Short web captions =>

════════

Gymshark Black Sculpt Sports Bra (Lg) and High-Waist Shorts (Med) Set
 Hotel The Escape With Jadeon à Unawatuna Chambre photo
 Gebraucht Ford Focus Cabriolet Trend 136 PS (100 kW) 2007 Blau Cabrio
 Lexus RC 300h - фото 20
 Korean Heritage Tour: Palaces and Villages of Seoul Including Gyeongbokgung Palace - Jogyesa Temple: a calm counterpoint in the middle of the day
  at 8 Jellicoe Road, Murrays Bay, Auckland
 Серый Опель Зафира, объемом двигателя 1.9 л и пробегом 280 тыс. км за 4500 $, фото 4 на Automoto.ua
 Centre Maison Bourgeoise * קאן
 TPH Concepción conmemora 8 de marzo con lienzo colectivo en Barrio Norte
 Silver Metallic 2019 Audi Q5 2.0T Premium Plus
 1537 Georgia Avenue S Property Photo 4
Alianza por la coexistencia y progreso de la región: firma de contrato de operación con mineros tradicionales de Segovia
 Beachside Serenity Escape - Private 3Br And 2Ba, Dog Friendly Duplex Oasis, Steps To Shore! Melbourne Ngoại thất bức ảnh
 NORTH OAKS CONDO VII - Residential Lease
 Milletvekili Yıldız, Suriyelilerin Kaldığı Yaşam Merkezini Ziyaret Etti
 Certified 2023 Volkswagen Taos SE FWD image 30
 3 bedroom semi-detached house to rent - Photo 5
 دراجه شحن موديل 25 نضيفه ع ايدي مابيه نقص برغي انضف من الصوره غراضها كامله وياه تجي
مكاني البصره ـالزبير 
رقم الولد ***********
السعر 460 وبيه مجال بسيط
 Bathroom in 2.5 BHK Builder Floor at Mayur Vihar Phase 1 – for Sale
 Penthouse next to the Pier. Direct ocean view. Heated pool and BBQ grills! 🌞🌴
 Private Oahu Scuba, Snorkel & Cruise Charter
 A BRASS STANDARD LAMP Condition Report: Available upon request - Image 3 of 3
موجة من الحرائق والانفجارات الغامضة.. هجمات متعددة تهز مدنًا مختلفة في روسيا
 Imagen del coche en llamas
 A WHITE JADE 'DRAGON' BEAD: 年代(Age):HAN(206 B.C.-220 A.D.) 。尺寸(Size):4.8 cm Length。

════════

Only lines with the word "Escape" go in the answer. Take them all from the entries above.

Task result =>
 Hotel The Escape With Jadeon à Unawatuna Chambre photo
 Beachside Serenity Escape - Private 3Br And 2Ba, Dog Friendly Duplex Oasis, Steps To Shore! Melbourne Ngoại thất bức ảnh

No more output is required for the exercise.